この日のユヴェントスの基本布陣は、パウロ・ディバラとアルバロ・モラタを2トップに置いた[4-4-2]。
左サイドバックのマッティア・デ・シリオ(13分にアレックス・サンドロと交代)を高い位置に上げ、右サイドバックのダニーロ、センターバックのレオナルド・ボヌッチとマタイス・デ・リフトの計3人で3バックを形成しながらビルドアップを試みる場面が、何度か見受けられた。

これに対しディオニージ監督擁するサッスオーロは、グレゴワール・デフレルをセンターFWに、ジャコモ・ラスパドーリとドメニコ・ベラルディをウイングFWに据えた[4-1-2-3]の布陣で臨み、3トップがユヴェントスの変則的な3バックを捕捉。

ハイプレスを掻い潜られそうな場面では、ダヴィデ・フラッテージとハメド・ジュニオール・トラオレの2インサイドハーフ、及び両ウイングFWが素早く後退し、[4-1-4-1]の陣形で自陣バイタルエリアを封鎖していた。

サッスオーロの3トップを起点とする数的同数のプレッシングや、自陣への撤退守備に手を焼いたユヴェントスは、最終ラインの面々が効果的な縦パスを繰り出せず。ユヴェントスの攻撃を停滞させたサッスオーロは徐々にボール支配率を高め、44分に先制ゴールを挙げた。

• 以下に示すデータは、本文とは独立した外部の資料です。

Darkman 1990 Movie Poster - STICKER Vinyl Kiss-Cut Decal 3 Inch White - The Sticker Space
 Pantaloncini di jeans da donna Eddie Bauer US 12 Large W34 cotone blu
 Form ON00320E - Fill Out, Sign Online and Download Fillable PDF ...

この場面では、デフレルとベラルディがボヌッチとデ・リフトを引き付けながら味方のパスに反応していたほか、この2人の動きを囮にフラッテージがデ・リフトとサンドロの間を走り抜け、ゴールゲット。敵陣バイタルエリアにおける各選手の役割がディオニージ監督によって整理されており、これが貴重な先制ゴールに繋がったと言って差し支えないだろう。

ユヴェントス戦で決勝ゴールを挙げたM・ロペス photo/Getty Images

後半ATに実を結んだ堅守速攻プラン

DFジェレミー・トリアンとMFマテウス・エンヒキを投入した71分以降、ディオニージ監督は布陣を[5-4-1]に組み直し。途中出場のFWジャンルカ・スカマッカを1トップに据え、自陣後方から丁寧にパスを繋いでいくスタイルから、堅守速攻にゲームプランを変更した。

76分にディバラのフリーキックからMFウェストン・マッケニーに同点ゴールを奪われたものの、5バックと4人の中盤が自陣バイタルエリアやハーフスペース(ペナルティエリアの両脇を含む、左右の内側のレーン)を懸命に埋め続けたことで、ユヴェントスに追加点を与えず。

MFマキシム・ロペスが、後半アディショナルタイムに自陣にいたマッケニーの背後を突き、相手GKマッティア・ペリンとの1対1を制したことで、サッスオーロが2-1で勝利している。

相手の変則的な3バックに即した守備戦術に、それが通用しなかった際の撤退守備、さらには[5-4-1]の布陣を基調とするロングカウンターと、多彩な戦術で智将アッレグリを出し抜いてみせたディオニージ監督。

昨季セリエBのエンポリをセリエAの舞台に導き、今季よりイタリア屈指のポゼッション軍団を束ねている41歳の指揮官が、今後も辣腕を振るいそうだ。